● Information shown:

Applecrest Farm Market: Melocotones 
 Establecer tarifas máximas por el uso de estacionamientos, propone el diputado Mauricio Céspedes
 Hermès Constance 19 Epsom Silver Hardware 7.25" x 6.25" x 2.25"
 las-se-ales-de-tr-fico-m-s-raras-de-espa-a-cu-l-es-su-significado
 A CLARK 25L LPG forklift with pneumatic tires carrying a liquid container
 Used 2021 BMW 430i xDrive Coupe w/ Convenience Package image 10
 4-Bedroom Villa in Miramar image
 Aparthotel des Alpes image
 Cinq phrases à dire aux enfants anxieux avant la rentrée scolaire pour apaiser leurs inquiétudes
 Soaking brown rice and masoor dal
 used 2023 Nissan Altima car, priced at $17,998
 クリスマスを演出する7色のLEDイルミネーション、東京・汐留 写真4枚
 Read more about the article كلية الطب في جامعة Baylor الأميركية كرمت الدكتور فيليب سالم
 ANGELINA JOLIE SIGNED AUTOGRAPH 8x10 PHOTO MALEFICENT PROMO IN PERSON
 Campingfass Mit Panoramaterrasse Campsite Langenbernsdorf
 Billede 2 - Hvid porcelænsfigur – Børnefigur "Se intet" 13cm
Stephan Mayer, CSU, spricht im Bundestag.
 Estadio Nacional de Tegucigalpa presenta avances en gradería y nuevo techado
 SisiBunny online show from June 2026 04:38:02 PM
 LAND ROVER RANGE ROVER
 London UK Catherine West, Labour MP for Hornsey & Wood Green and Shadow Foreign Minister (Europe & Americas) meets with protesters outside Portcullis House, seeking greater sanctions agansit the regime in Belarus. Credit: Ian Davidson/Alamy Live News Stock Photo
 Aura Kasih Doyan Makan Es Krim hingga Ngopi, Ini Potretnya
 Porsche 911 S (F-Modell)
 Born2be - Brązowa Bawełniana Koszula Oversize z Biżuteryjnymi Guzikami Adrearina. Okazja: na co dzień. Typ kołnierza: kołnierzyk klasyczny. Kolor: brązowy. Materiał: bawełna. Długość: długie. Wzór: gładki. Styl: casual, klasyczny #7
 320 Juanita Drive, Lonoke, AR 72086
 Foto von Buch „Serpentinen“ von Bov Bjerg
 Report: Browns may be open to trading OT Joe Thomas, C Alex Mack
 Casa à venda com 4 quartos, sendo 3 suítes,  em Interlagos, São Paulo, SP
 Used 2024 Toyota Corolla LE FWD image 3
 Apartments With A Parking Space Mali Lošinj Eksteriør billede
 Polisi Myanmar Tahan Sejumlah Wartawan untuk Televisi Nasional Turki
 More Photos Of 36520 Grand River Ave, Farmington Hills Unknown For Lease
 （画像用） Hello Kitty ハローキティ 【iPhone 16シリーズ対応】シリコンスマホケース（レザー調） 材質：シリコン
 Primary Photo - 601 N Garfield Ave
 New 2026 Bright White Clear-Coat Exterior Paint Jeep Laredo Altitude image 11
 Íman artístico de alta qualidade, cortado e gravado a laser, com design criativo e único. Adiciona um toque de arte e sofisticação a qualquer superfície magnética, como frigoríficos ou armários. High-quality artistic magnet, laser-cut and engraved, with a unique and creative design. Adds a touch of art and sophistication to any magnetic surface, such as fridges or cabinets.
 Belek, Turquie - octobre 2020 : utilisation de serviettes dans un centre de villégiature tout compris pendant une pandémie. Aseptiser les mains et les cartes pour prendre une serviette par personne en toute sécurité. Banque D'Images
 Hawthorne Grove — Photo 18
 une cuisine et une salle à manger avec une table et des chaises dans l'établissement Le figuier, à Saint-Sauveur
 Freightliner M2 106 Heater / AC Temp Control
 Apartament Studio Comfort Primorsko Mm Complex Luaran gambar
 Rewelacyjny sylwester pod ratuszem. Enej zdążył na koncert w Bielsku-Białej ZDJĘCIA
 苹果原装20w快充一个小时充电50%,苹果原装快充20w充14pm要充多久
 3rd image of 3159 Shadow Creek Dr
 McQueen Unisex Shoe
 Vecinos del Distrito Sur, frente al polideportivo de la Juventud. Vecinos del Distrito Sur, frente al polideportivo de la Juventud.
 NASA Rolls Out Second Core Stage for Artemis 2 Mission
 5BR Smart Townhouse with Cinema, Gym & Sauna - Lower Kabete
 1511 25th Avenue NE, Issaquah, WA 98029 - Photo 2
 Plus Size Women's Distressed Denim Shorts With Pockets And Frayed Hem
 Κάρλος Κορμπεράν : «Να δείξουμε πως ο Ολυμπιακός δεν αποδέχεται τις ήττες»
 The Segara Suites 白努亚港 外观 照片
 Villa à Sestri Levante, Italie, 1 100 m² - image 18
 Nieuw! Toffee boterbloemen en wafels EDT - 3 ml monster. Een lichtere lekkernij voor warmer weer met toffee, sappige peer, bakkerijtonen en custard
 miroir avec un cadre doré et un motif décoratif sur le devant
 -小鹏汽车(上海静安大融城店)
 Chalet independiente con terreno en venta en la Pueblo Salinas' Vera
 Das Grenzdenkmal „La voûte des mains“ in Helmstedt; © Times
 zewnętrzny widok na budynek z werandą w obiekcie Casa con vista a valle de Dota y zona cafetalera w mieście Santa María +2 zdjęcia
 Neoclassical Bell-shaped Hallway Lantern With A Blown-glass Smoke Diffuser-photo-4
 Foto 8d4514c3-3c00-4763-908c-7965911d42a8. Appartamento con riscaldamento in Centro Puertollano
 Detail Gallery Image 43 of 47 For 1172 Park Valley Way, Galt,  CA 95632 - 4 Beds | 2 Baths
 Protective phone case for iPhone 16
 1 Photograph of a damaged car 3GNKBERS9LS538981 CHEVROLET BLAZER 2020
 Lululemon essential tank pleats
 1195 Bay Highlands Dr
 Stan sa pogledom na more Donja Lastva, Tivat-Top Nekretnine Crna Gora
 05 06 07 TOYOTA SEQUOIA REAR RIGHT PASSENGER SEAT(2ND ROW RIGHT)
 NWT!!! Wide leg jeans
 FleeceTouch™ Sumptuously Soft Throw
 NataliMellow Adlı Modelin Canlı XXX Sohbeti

● Exercise: Reproduce the entire listing above exactly, leaving nothing out.

● Answer to the problem:
Applecrest Farm Market: Melocotones 
 Establecer tarifas máximas por el uso de estacionamientos, propone el diputado Mauricio Céspedes
 Hermès Constance 19 Epsom Silver Hardware 7.25" x 6.25" x 2.25"
 las-se-ales-de-tr-fico-m-s-raras-de-espa-a-cu-l-es-su-significado
 A CLARK 25L LPG forklift with pneumatic tires carrying a liquid container
 Used 2021 BMW 430i xDrive Coupe w/ Convenience Package image 10
 4-Bedroom Villa in Miramar image
 Aparthotel des Alpes image
 Cinq phrases à dire aux enfants anxieux avant la rentrée scolaire pour apaiser leurs inquiétudes
 Soaking brown rice and masoor dal
 used 2023 Nissan Altima car, priced at $17,998
 クリスマスを演出する7色のLEDイルミネーション、東京・汐留 写真4枚
 Read more about the article كلية الطب في جامعة Baylor الأميركية كرمت الدكتور فيليب سالم
 ANGELINA JOLIE SIGNED AUTOGRAPH 8x10 PHOTO MALEFICENT PROMO IN PERSON
 Campingfass Mit Panoramaterrasse Campsite Langenbernsdorf
 Billede 2 - Hvid porcelænsfigur – Børnefigur "Se intet" 13cm
Stephan Mayer, CSU, spricht im Bundestag.
 Estadio Nacional de Tegucigalpa presenta avances en gradería y nuevo techado
 SisiBunny online show from June 2026 04:38:02 PM
 LAND ROVER RANGE ROVER
 London UK Catherine West, Labour MP for Hornsey & Wood Green and Shadow Foreign Minister (Europe & Americas) meets with protesters outside Portcullis House, seeking greater sanctions agansit the regime in Belarus. Credit: Ian Davidson/Alamy Live News Stock Photo
 Aura Kasih Doyan Makan Es Krim hingga Ngopi, Ini Potretnya
 Porsche 911 S (F-Modell)
 Born2be - Brązowa Bawełniana Koszula Oversize z Biżuteryjnymi Guzikami Adrearina. Okazja: na co dzień. Typ kołnierza: kołnierzyk klasyczny. Kolor: brązowy. Materiał: bawełna. Długość: długie. Wzór: gładki. Styl: casual, klasyczny #7
 320 Juanita Drive, Lonoke, AR 72086
 Foto von Buch „Serpentinen“ von Bov Bjerg
 Report: Browns may be open to trading OT Joe Thomas, C Alex Mack
 Casa à venda com 4 quartos, sendo 3 suítes,  em Interlagos, São Paulo, SP
 Used 2024 Toyota Corolla LE FWD image 3
 Apartments With A Parking Space Mali Lošinj Eksteriør billede
 Polisi Myanmar Tahan Sejumlah Wartawan untuk Televisi Nasional Turki
 More Photos Of 36520 Grand River Ave, Farmington Hills Unknown For Lease
 （画像用） Hello Kitty ハローキティ 【iPhone 16シリーズ対応】シリコンスマホケース（レザー調） 材質：シリコン
 Primary Photo - 601 N Garfield Ave
 New 2026 Bright White Clear-Coat Exterior Paint Jeep Laredo Altitude image 11
 Íman artístico de alta qualidade, cortado e gravado a laser, com design criativo e único. Adiciona um toque de arte e sofisticação a qualquer superfície magnética, como frigoríficos ou armários. High-quality artistic magnet, laser-cut and engraved, with a unique and creative design. Adds a touch of art and sophistication to any magnetic surface, such as fridges or cabinets.
 Belek, Turquie - octobre 2020 : utilisation de serviettes dans un centre de villégiature tout compris pendant une pandémie. Aseptiser les mains et les cartes pour prendre une serviette par personne en toute sécurité. Banque D'Images
 Hawthorne Grove — Photo 18
 une cuisine et une salle à manger avec une table et des chaises dans l'établissement Le figuier, à Saint-Sauveur
 Freightliner M2 106 Heater / AC Temp Control
 Apartament Studio Comfort Primorsko Mm Complex Luaran gambar
 Rewelacyjny sylwester pod ratuszem. Enej zdążył na koncert w Bielsku-Białej ZDJĘCIA
 苹果原装20w快充一个小时充电50%,苹果原装快充20w充14pm要充多久
 3rd image of 3159 Shadow Creek Dr
 McQueen Unisex Shoe
 Vecinos del Distrito Sur, frente al polideportivo de la Juventud. Vecinos del Distrito Sur, frente al polideportivo de la Juventud.
 NASA Rolls Out Second Core Stage for Artemis 2 Mission
 5BR Smart Townhouse with Cinema, Gym & Sauna - Lower Kabete
 1511 25th Avenue NE, Issaquah, WA 98029 - Photo 2
 Plus Size Women's Distressed Denim Shorts With Pockets And Frayed Hem
 Κάρλος Κορμπεράν : «Να δείξουμε πως ο Ολυμπιακός δεν αποδέχεται τις ήττες»
 The Segara Suites 白努亚港 外观 照片
 Villa à Sestri Levante, Italie, 1 100 m² - image 18
 Nieuw! Toffee boterbloemen en wafels EDT - 3 ml monster. Een lichtere lekkernij voor warmer weer met toffee, sappige peer, bakkerijtonen en custard
 miroir avec un cadre doré et un motif décoratif sur le devant
 -小鹏汽车(上海静安大融城店)
 Chalet independiente con terreno en venta en la Pueblo Salinas' Vera
 Das Grenzdenkmal „La voûte des mains“ in Helmstedt; © Times
 zewnętrzny widok na budynek z werandą w obiekcie Casa con vista a valle de Dota y zona cafetalera w mieście Santa María +2 zdjęcia
 Neoclassical Bell-shaped Hallway Lantern With A Blown-glass Smoke Diffuser-photo-4
 Foto 8d4514c3-3c00-4763-908c-7965911d42a8. Appartamento con riscaldamento in Centro Puertollano
 Detail Gallery Image 43 of 47 For 1172 Park Valley Way, Galt,  CA 95632 - 4 Beds | 2 Baths
 Protective phone case for iPhone 16
 1 Photograph of a damaged car 3GNKBERS9LS538981 CHEVROLET BLAZER 2020
 Lululemon essential tank pleats
 1195 Bay Highlands Dr
 Stan sa pogledom na more Donja Lastva, Tivat-Top Nekretnine Crna Gora
 05 06 07 TOYOTA SEQUOIA REAR RIGHT PASSENGER SEAT(2ND ROW RIGHT)
 NWT!!! Wide leg jeans
 FleeceTouch™ Sumptuously Soft Throw
 NataliMellow Adlı Modelin Canlı XXX Sohbeti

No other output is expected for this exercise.